Professional Perspective
It is clear that the insurance medicine framework will increasingly determine practical patient access. Andrew Proudfoot's multidisciplinary approach, combining legal, economic, consulting and research expertise, represents the kind of innovative thinking required to ensure cannabinoid therapy takes its rightful place in evidence-informed healthcare. Healthcare professionals prescribing medical cannabis should familiarise themselves with insurance medicine principles and advocate for their patients' access to appropriate cover and reimbursement. Having been recently appointed as Independent Board Observer to the Australian and New Zealand College of Cannabinoid Practitioners Board (who provide evidence based education, guidelines, information and peer support for health care practitioners) he plans for this to be one of the ways he will support the cannabinoid medicine and broader community post graduation.

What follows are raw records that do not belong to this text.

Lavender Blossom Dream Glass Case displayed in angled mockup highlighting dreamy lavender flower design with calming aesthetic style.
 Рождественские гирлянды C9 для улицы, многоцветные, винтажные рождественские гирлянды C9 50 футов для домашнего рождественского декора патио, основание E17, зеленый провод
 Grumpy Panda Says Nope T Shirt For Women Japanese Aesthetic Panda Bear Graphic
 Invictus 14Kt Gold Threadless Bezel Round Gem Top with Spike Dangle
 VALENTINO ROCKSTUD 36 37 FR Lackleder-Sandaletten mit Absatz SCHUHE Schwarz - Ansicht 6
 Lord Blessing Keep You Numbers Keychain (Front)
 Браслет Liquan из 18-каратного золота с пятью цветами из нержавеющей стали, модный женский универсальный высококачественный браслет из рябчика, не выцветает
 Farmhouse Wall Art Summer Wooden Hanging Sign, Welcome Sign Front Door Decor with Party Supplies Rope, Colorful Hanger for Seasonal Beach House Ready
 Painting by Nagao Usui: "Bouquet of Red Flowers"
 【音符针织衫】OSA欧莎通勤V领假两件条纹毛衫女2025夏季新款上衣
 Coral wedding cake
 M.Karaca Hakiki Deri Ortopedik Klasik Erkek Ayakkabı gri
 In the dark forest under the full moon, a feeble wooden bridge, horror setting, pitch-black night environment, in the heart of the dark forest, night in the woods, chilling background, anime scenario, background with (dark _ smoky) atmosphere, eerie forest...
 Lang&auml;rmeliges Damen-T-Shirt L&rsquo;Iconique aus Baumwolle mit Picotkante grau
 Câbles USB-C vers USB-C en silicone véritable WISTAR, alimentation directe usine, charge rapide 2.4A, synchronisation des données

Andrew Proudfoot is completing his Master of Philosophy at Western Sydney University, supervised by Associate Professor Mike Armour, Justin Sinclair and Dr Sarah Duffy. He practices as a specialist financial planner in life risk and succession matters and as a solicitor specialising in estate planning, trusts, superannuation and cannabis sector/cannabinoid medicine matters/advice.
Disclaimer: This information is shared with a global readership for educational purposes only and does not constitute medical or business advice. All patient-related information has been de-identified OR fictional to protect privacy. Nothing in this article is intended to promote the use or supply of medical cannabis to members of the public.